• _WHAT TO WORK ON_: Would you please give every entry again exactly, without the pictures?

(Records excerpted from a collection)
******************************

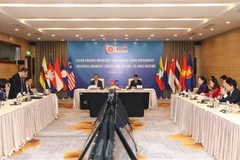 ASEAN : le secteur financier et bancaire travaille les Conseils des entreprises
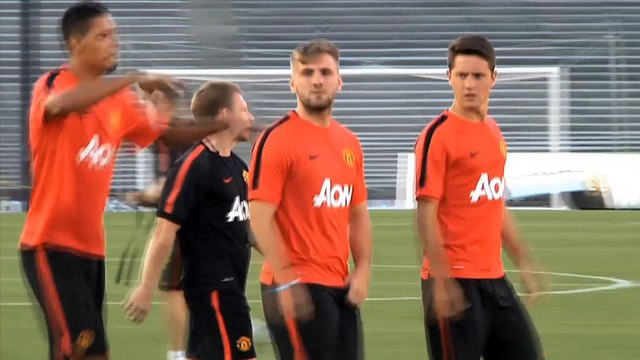 Van Gaal riled by Herrera question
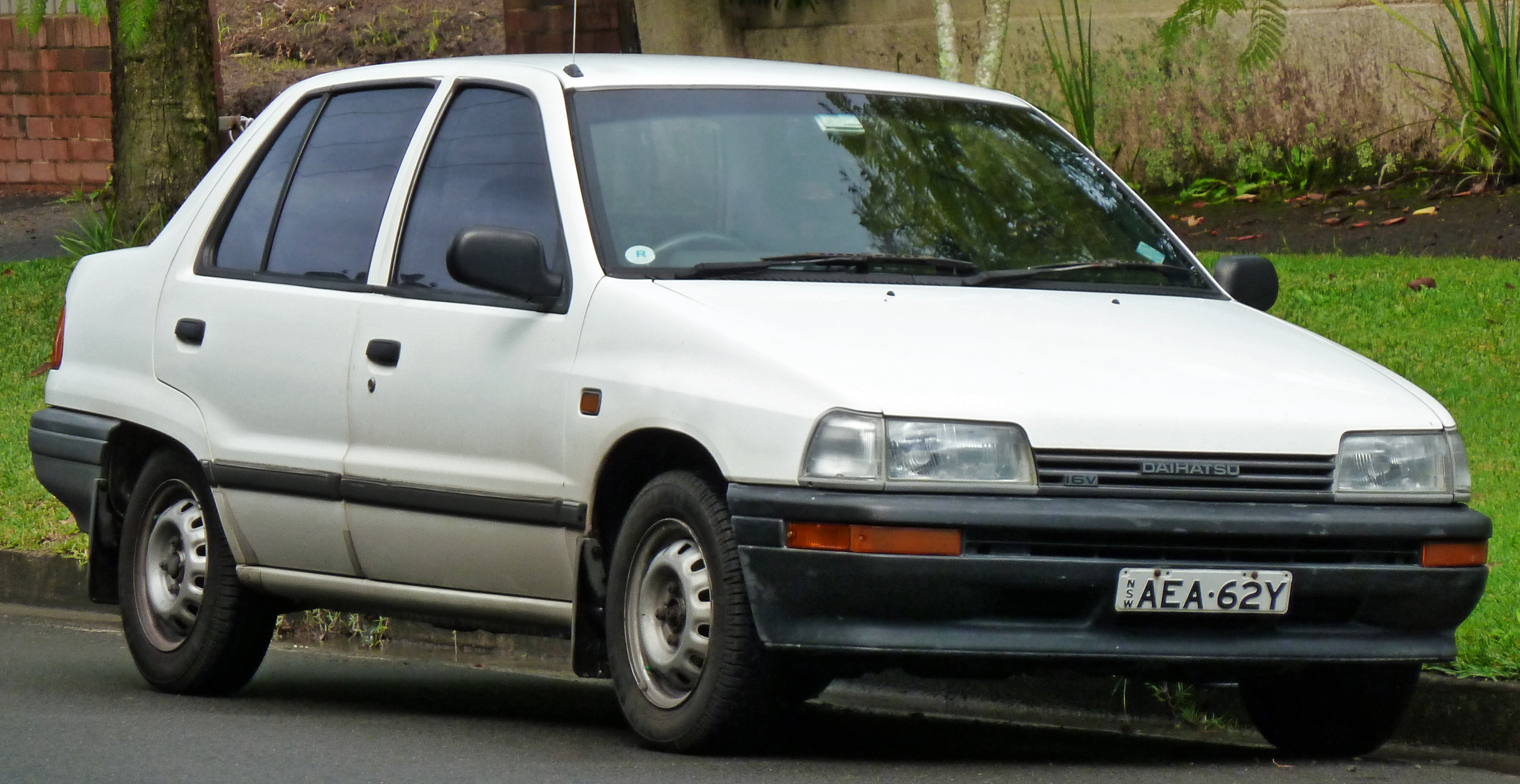 Daihatsu Charade SG 13 Sedan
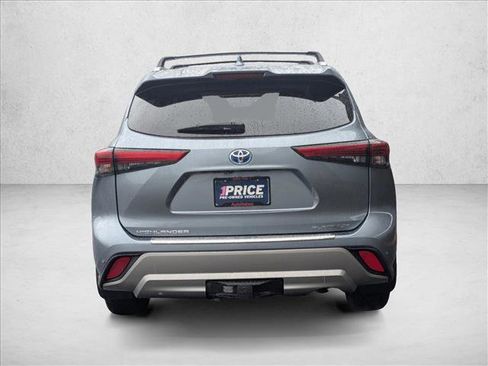 Used 2021 Toyota Highlander Platinum image 7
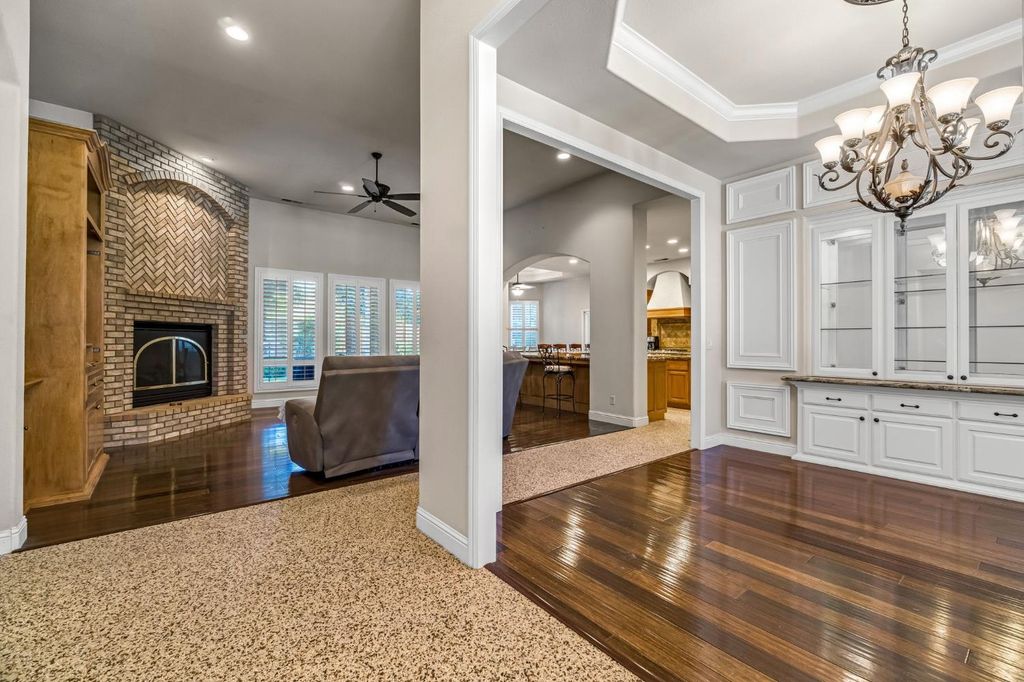Image 6 of property listing at 5025 W Birch Avenue, Fresno, CA 93722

******************************

• _TASK RESPONSE_:
 ASEAN : le secteur financier et bancaire travaille les Conseils des entreprises
 Van Gaal riled by Herrera question
 Daihatsu Charade SG 13 Sedan
 Used 2021 Toyota Highlander Platinum image 7
Image 6 of property listing at 5025 W Birch Avenue, Fresno, CA 93722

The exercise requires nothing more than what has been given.